• **INFORMATION SUPPLIED**
==========
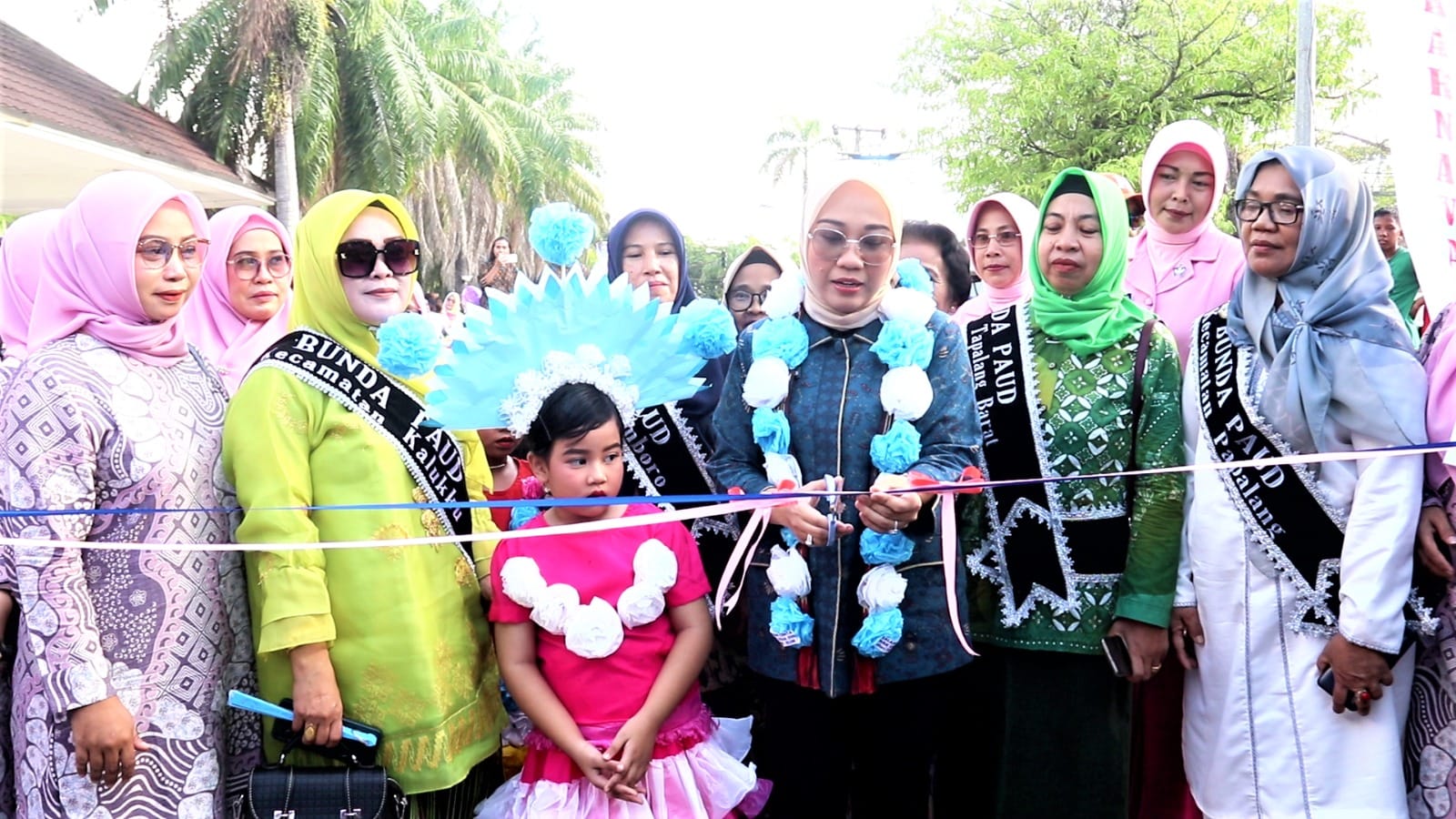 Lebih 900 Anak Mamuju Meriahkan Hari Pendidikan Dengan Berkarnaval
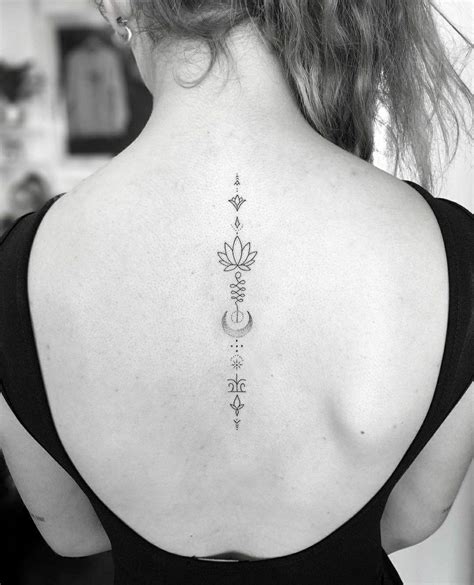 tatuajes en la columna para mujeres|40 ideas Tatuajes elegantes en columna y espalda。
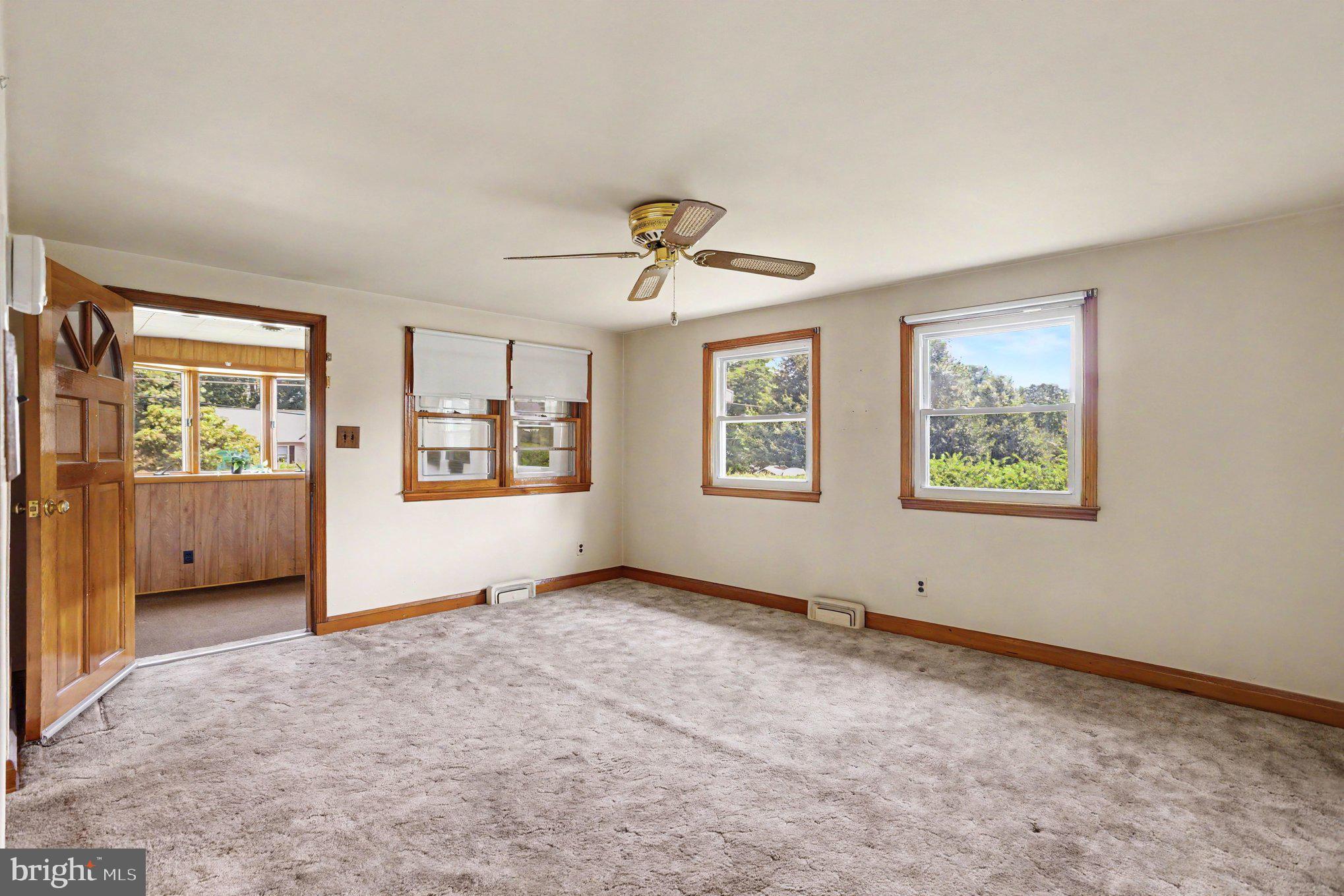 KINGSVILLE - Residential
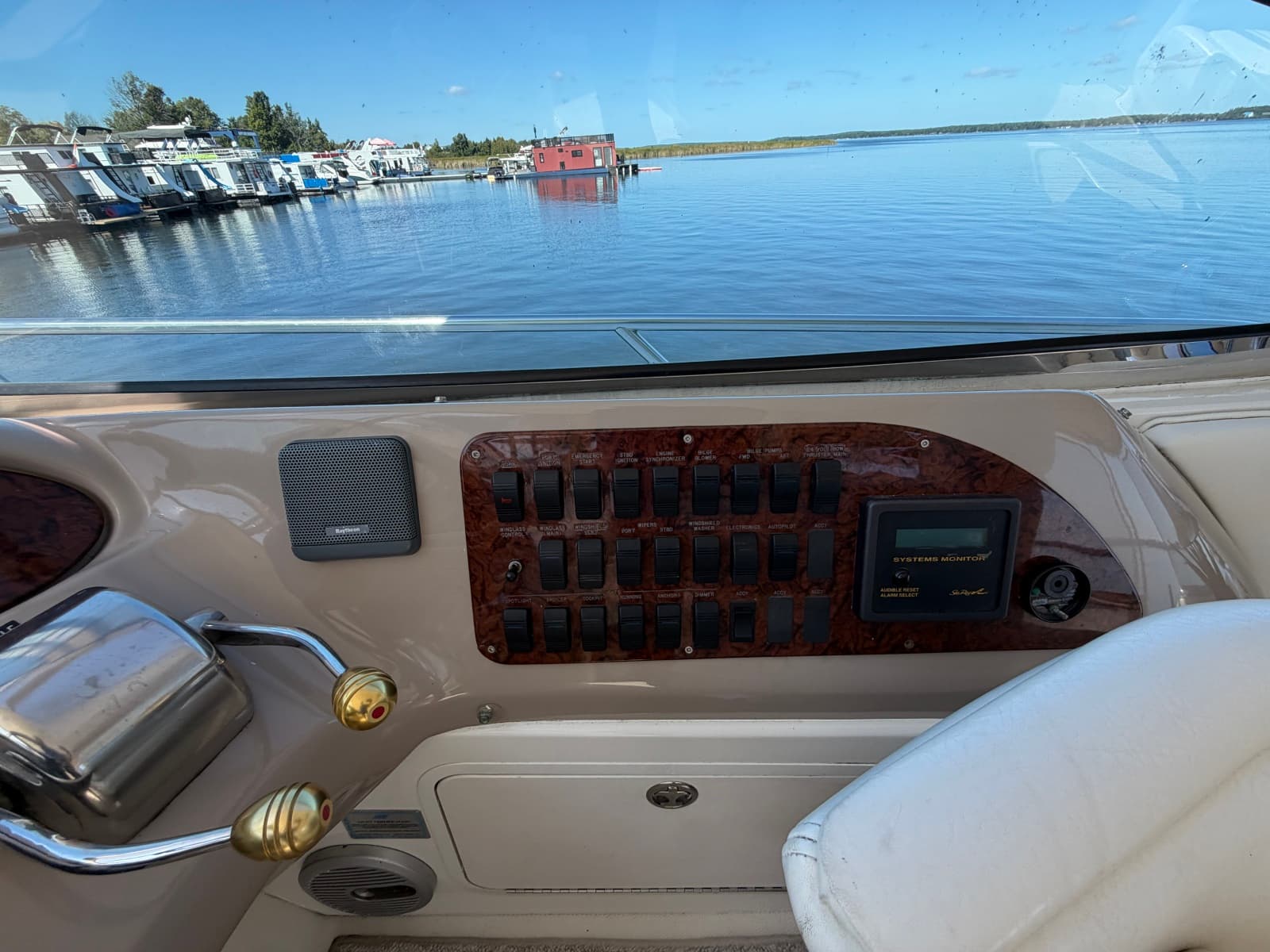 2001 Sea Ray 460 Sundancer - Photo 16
==========
• **PROBLEM REQUIREMENTS**
The data is to be printed again exactly, but without its pictures.

• **TASK RESULT**
 Lebih 900 Anak Mamuju Meriahkan Hari Pendidikan Dengan Berkarnaval
 tatuajes en la columna para mujeres|40 ideas Tatuajes elegantes en columna y espalda。
 KINGSVILLE - Residential
 2001 Sea Ray 460 Sundancer - Photo 16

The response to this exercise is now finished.